---------- INFORMATION PROVIDED ----------

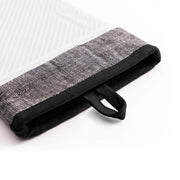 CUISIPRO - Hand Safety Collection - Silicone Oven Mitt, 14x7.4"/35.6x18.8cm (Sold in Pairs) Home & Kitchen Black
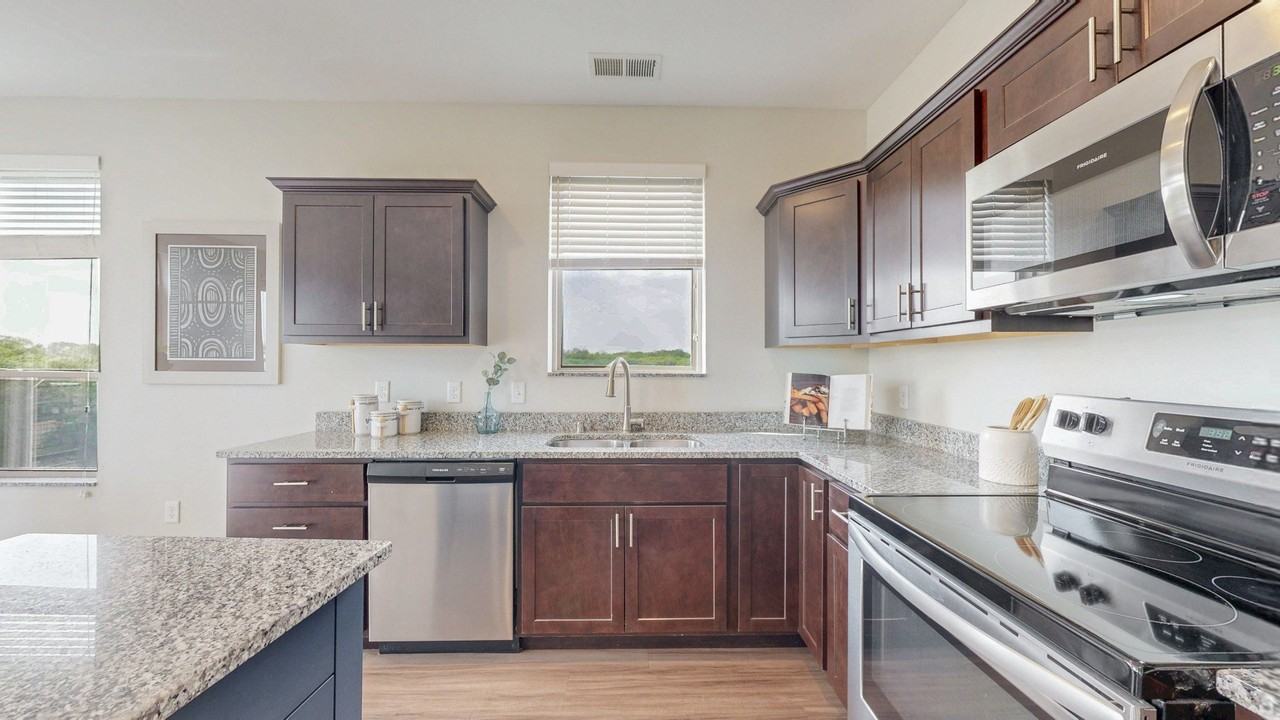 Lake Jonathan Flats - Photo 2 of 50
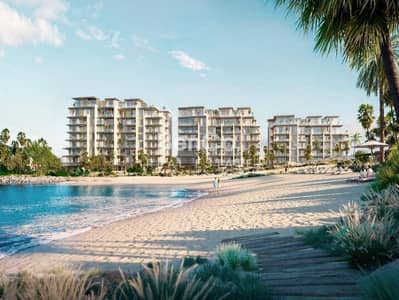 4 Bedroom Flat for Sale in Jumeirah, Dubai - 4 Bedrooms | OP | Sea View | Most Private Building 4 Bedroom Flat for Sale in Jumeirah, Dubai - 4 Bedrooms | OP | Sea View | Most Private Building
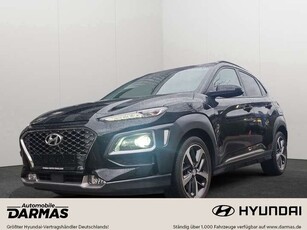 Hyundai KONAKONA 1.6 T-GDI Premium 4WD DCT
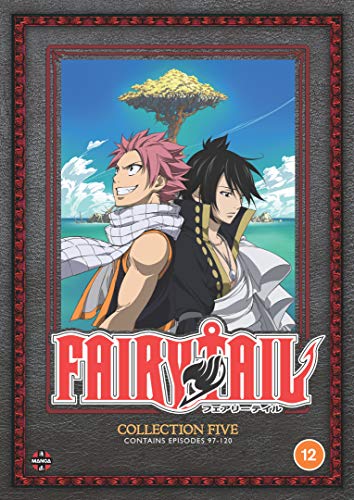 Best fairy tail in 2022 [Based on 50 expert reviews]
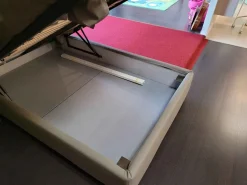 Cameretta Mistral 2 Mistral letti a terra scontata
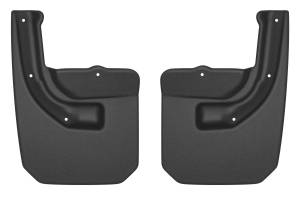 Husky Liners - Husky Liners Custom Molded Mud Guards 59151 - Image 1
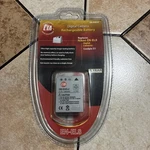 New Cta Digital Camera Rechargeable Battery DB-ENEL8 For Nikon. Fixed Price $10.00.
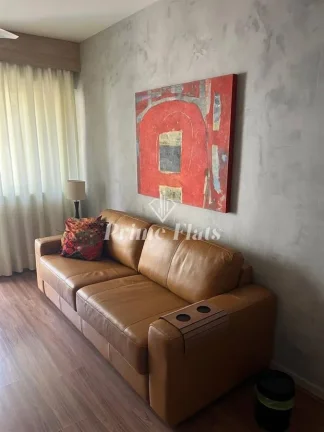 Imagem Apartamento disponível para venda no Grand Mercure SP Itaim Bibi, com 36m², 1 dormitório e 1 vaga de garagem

----------

> [BRIEF] The copy must begin with the line containing "Hyundai KONAKONA 1.6 T-GDI Premium 4WD DCT", end with the last line of the material, match each line exactly, and hold no pictures.

> [TASK OUTPUT]
 Hyundai KONAKONA 1.6 T-GDI Premium 4WD DCT
 Best fairy tail in 2022 [Based on 50 expert reviews]
 Cameretta Mistral 2 Mistral letti a terra scontata
 Husky Liners - Husky Liners Custom Molded Mud Guards 59151 - Image 1
 New Cta Digital Camera Rechargeable Battery DB-ENEL8 For Nikon. Fixed Price $10.00.
 Imagem Apartamento disponível para venda no Grand Mercure SP Itaim Bibi, com 36m², 1 dormitório e 1 vaga de garagem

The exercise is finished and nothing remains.